▸ Exercise
In this exercise, every entry is to be transcribed exactly as written.

(Data provided)

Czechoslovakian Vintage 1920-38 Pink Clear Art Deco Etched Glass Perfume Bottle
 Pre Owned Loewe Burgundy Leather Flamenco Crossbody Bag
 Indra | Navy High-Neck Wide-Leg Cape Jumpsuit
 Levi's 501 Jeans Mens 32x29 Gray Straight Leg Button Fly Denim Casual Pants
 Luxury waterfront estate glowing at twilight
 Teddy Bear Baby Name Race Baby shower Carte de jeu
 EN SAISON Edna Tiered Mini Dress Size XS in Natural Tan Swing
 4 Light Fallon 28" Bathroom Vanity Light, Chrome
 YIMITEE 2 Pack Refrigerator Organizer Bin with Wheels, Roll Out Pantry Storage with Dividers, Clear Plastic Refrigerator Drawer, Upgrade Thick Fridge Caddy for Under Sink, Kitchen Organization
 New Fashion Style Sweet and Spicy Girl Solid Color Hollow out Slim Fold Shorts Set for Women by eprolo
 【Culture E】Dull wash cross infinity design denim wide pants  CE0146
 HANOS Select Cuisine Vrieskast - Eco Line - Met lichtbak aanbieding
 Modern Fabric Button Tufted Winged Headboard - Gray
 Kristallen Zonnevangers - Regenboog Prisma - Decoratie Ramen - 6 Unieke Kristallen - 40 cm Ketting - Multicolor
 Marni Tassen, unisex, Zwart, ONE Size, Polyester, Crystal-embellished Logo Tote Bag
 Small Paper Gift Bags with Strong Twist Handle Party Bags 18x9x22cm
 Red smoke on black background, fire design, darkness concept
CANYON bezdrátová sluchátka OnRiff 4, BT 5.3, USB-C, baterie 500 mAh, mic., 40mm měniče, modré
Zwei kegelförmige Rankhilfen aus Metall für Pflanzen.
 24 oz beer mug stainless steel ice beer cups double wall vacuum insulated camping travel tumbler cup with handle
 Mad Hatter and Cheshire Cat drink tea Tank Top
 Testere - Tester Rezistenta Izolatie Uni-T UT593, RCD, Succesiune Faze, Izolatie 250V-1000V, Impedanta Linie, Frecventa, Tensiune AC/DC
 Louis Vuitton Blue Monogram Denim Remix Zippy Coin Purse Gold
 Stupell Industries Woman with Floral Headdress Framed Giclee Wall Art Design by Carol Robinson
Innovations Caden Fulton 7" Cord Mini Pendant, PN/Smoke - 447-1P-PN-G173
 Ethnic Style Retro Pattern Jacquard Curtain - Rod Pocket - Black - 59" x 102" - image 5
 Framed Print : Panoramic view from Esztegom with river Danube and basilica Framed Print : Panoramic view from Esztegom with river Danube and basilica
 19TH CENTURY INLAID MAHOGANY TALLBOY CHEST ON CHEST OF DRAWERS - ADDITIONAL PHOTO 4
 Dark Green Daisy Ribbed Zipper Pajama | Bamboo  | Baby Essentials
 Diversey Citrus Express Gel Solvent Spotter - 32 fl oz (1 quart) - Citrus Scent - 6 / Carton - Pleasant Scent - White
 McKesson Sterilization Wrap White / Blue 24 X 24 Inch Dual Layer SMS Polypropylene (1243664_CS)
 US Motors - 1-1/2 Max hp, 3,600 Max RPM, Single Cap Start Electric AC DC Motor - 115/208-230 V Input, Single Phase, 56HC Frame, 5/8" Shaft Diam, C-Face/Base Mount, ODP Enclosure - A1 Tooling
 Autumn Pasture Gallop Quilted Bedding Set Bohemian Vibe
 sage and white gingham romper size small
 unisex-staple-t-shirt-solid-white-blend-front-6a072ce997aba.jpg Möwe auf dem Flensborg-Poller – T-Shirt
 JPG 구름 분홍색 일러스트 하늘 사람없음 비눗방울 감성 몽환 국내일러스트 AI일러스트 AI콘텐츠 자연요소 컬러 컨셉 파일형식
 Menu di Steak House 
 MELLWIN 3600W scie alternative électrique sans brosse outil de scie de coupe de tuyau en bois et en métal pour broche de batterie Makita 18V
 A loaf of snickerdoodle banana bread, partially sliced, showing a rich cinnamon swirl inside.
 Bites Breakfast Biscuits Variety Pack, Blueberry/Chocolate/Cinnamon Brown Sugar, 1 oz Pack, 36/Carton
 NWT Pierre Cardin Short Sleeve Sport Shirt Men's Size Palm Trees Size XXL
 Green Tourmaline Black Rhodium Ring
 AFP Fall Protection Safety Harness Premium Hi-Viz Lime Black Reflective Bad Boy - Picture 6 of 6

(End Data provided)

▸ Result for this task
Czechoslovakian Vintage 1920-38 Pink Clear Art Deco Etched Glass Perfume Bottle
 Pre Owned Loewe Burgundy Leather Flamenco Crossbody Bag
 Indra | Navy High-Neck Wide-Leg Cape Jumpsuit
 Levi's 501 Jeans Mens 32x29 Gray Straight Leg Button Fly Denim Casual Pants
 Luxury waterfront estate glowing at twilight
 Teddy Bear Baby Name Race Baby shower Carte de jeu
 EN SAISON Edna Tiered Mini Dress Size XS in Natural Tan Swing
 4 Light Fallon 28" Bathroom Vanity Light, Chrome
 YIMITEE 2 Pack Refrigerator Organizer Bin with Wheels, Roll Out Pantry Storage with Dividers, Clear Plastic Refrigerator Drawer, Upgrade Thick Fridge Caddy for Under Sink, Kitchen Organization
 New Fashion Style Sweet and Spicy Girl Solid Color Hollow out Slim Fold Shorts Set for Women by eprolo
 【Culture E】Dull wash cross infinity design denim wide pants  CE0146
 HANOS Select Cuisine Vrieskast - Eco Line - Met lichtbak aanbieding
 Modern Fabric Button Tufted Winged Headboard - Gray
 Kristallen Zonnevangers - Regenboog Prisma - Decoratie Ramen - 6 Unieke Kristallen - 40 cm Ketting - Multicolor
 Marni Tassen, unisex, Zwart, ONE Size, Polyester, Crystal-embellished Logo Tote Bag
 Small Paper Gift Bags with Strong Twist Handle Party Bags 18x9x22cm
 Red smoke on black background, fire design, darkness concept
CANYON bezdrátová sluchátka OnRiff 4, BT 5.3, USB-C, baterie 500 mAh, mic., 40mm měniče, modré
Zwei kegelförmige Rankhilfen aus Metall für Pflanzen.
 24 oz beer mug stainless steel ice beer cups double wall vacuum insulated camping travel tumbler cup with handle
 Mad Hatter and Cheshire Cat drink tea Tank Top
 Testere - Tester Rezistenta Izolatie Uni-T UT593, RCD, Succesiune Faze, Izolatie 250V-1000V, Impedanta Linie, Frecventa, Tensiune AC/DC
 Louis Vuitton Blue Monogram Denim Remix Zippy Coin Purse Gold
 Stupell Industries Woman with Floral Headdress Framed Giclee Wall Art Design by Carol Robinson
Innovations Caden Fulton 7" Cord Mini Pendant, PN/Smoke - 447-1P-PN-G173
 Ethnic Style Retro Pattern Jacquard Curtain - Rod Pocket - Black - 59" x 102" - image 5
 Framed Print : Panoramic view from Esztegom with river Danube and basilica Framed Print : Panoramic view from Esztegom with river Danube and basilica
 19TH CENTURY INLAID MAHOGANY TALLBOY CHEST ON CHEST OF DRAWERS - ADDITIONAL PHOTO 4
 Dark Green Daisy Ribbed Zipper Pajama | Bamboo  | Baby Essentials
 Diversey Citrus Express Gel Solvent Spotter - 32 fl oz (1 quart) - Citrus Scent - 6 / Carton - Pleasant Scent - White
 McKesson Sterilization Wrap White / Blue 24 X 24 Inch Dual Layer SMS Polypropylene (1243664_CS)
 US Motors - 1-1/2 Max hp, 3,600 Max RPM, Single Cap Start Electric AC DC Motor - 115/208-230 V Input, Single Phase, 56HC Frame, 5/8" Shaft Diam, C-Face/Base Mount, ODP Enclosure - A1 Tooling
 Autumn Pasture Gallop Quilted Bedding Set Bohemian Vibe
 sage and white gingham romper size small
 unisex-staple-t-shirt-solid-white-blend-front-6a072ce997aba.jpg Möwe auf dem Flensborg-Poller – T-Shirt
 JPG 구름 분홍색 일러스트 하늘 사람없음 비눗방울 감성 몽환 국내일러스트 AI일러스트 AI콘텐츠 자연요소 컬러 컨셉 파일형식
 Menu di Steak House 
 MELLWIN 3600W scie alternative électrique sans brosse outil de scie de coupe de tuyau en bois et en métal pour broche de batterie Makita 18V
 A loaf of snickerdoodle banana bread, partially sliced, showing a rich cinnamon swirl inside.
 Bites Breakfast Biscuits Variety Pack, Blueberry/Chocolate/Cinnamon Brown Sugar, 1 oz Pack, 36/Carton
 NWT Pierre Cardin Short Sleeve Sport Shirt Men's Size Palm Trees Size XXL
 Green Tourmaline Black Rhodium Ring
 AFP Fall Protection Safety Harness Premium Hi-Viz Lime Black Reflective Bad Boy - Picture 6 of 6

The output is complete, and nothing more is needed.